Recogió todo y se acercó al jardín de la casa victoriana que pertenecía al señor Von Wittgenstein. Era una edificio robusto y antiguo que parecía confortable a pesar de las obras de mejora que necesitaba. El jardín era amplio, la maleza lo cubría por completo y en él había un gran manzano. Sara lo atravesó, subió las escaleras del porche y llamó a la puerta. Estaba decidida a hablar con el astrónomo pero nadie contestaba.
Las persianas estaban todas bajadas y no se podía vislumbrar nada. Entonces Sara empezó a oler a quemado, algo debía estar ardiendo en el interior de la casa porque por las rendijas del conducto de ventilación salía humo. Intentó abrir la puerta pero estaba cerrada y ella no tenía la suficiente fuerza para echarla abajo. Miró alrededor en busca de alguna solución y allí estaba, sobre el marco de una de las ventanas, observándola con pasividad, la gran lechuza. En su pico sostenía una llave, como en su sueño. El ave la dejó caer y rodó por el suelo hasta los pies de Sara; luego levantó el vuelo. Abrió la puerta y una enorme humareda le golpeó en la cara. La atmósfera era irrespirable pero aún así entró en la casa tapándose la boca y nariz con un pañuelo. Se oían ruidos en el piso superior y Sara subió por las escaleras. Encontró al señor Wittgenstein en una habitación tendido en el suelo. Al parecer se le había caído un trofeo de plata en la cabeza y había perdido el conocimiento. Sara le despertó arrojándole agua de un florero que había sobre una pequeña mesa. Le escocían los ojos y su cabello cobrizo se le pegaba a la frente, pero consiguió abrir la pequeña ventana que daba al tejado. Ambos salieron cuando llegaban los bomberos avisados por un obrero.

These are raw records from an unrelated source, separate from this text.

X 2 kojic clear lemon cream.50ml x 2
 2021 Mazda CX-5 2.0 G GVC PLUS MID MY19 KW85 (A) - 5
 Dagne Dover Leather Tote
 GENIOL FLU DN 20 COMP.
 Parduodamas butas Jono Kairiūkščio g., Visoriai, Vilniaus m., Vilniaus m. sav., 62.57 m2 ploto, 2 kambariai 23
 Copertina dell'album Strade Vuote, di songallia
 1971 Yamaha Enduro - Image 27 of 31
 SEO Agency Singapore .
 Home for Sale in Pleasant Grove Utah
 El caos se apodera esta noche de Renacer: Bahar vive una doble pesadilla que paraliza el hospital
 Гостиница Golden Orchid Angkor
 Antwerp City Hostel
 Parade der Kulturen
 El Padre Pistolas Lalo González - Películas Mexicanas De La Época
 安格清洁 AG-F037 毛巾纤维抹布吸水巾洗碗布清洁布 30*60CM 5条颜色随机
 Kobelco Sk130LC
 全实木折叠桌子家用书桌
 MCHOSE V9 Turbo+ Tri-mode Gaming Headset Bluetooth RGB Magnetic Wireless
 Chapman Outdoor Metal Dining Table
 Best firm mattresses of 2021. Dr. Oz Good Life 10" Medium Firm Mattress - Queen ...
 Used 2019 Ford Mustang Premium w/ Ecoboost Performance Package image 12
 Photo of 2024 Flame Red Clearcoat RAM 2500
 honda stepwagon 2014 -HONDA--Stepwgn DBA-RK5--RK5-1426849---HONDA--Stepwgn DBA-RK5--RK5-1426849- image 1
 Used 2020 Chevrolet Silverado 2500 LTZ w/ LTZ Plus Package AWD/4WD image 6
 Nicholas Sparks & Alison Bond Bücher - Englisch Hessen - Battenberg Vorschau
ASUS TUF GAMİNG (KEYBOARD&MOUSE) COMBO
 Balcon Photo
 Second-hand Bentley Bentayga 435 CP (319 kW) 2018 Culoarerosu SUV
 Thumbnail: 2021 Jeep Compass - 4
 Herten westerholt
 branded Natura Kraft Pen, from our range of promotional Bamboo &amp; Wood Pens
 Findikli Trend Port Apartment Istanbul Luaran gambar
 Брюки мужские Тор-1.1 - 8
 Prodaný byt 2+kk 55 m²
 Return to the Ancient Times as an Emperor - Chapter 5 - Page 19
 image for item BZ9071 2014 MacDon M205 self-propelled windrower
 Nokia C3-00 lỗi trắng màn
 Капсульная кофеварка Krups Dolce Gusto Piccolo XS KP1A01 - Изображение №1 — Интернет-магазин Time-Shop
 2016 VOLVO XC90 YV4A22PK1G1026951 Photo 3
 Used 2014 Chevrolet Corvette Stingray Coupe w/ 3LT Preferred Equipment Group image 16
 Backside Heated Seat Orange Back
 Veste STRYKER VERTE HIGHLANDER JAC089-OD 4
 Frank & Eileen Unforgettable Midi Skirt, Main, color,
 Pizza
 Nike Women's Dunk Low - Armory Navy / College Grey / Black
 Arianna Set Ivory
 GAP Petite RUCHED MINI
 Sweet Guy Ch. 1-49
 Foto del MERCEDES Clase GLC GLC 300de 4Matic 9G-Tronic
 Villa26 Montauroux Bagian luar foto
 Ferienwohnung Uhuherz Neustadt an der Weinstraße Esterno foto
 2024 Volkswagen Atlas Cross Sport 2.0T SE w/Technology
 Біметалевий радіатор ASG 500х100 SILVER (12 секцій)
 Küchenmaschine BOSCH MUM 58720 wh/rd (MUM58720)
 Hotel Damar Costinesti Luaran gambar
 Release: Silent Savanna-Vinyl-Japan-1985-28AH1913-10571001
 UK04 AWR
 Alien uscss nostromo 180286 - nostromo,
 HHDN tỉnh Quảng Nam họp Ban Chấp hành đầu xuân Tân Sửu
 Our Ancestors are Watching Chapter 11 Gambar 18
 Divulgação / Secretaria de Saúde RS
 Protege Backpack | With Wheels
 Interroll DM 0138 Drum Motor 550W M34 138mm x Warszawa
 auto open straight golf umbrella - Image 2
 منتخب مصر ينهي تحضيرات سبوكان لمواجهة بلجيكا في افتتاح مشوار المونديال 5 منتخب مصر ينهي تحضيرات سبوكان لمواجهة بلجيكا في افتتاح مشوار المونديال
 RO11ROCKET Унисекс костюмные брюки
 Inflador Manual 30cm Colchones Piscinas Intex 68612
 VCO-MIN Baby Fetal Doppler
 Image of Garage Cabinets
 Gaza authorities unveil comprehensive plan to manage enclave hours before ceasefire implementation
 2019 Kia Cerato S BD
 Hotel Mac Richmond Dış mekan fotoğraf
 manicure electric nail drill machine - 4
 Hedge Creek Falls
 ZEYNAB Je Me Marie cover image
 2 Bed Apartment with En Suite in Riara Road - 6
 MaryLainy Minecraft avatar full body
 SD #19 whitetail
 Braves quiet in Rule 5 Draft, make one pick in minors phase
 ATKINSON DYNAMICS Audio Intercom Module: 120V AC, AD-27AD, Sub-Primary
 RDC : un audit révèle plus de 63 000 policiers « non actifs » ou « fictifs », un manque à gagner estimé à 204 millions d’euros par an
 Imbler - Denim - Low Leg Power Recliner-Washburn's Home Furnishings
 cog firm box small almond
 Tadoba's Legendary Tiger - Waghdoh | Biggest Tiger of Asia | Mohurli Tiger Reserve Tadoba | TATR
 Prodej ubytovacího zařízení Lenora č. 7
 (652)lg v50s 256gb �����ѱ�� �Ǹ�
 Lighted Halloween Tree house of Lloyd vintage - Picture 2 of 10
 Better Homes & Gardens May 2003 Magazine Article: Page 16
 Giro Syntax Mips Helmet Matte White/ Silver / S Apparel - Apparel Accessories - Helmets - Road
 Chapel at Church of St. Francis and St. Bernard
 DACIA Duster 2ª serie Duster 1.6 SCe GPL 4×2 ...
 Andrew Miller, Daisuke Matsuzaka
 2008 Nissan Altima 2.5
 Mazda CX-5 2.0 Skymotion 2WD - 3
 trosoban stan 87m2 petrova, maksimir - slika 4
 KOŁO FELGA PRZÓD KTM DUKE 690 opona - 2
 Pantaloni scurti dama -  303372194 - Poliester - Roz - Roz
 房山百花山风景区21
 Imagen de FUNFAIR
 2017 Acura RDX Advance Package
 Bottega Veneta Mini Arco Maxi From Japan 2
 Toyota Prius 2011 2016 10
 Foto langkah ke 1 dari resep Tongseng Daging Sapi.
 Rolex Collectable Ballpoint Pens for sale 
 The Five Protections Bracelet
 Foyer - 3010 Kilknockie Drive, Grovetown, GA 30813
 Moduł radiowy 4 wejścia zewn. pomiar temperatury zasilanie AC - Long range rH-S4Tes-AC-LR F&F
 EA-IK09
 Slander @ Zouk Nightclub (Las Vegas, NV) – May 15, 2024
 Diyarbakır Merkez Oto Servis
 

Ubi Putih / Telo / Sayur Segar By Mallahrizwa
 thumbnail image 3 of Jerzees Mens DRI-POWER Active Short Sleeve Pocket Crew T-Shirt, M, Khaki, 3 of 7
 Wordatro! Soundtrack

Les bajaron con rapidez y afortunadamente todo acabó bien. En la ambulancia curaron al astrónomo que sólo tenía algunas heridas superficiales y que ya se había recuperado de la contusión. Sara no pudo aguantar la curiosidad y le preguntó sobre la noche anterior. Su contestación fue muy sencilla y lógica: se le habían caído unos papeles y el viento los había llevado hasta la finca. Sólo había entrado a recogerlos. Ahora Sara recordó que en efecto llevaba algo en la mano la noche anterior. Entonces se acordó de la lechuza y le dijo al Señor V. Wittgenstein que se había ido volando y que sería mejor que la buscara. Pero el hombre la miró extrañado, y dijo:
–Yo no tengo ninguna lechuza, no me gustan los animales –carraspeó ligeramente y añadió-, le estoy muy agradecido por lo que ha hecho señorita y espero poder recompensarla. Hablaremos más tarde, ahora tengo que arreglar todo esto. Y se dirigió hacia el coche de bomberos.
Ella estaba sorprendida, estaba segura de lo que había visto pero no tenía pruebas para demostrarlo y no había ni rastro del ave. Se dirigió a su casa, se dio un largo baño y se acostó temprano; los acontecimientos de aquella tarde habían sido demasiado para ella.
Sara se durmió enseguida con la suave brisa que movía las copas de los árboles y la dulce fragancia de las azucenas. Entre el cric-cric de algunos grillos se escuchó el gemido de una lechuza blanca, que posada en una gran rama de un cerezo en flor, vigilaba los sueños de la mujer que dormía plácidamente en la cálida noche murciana.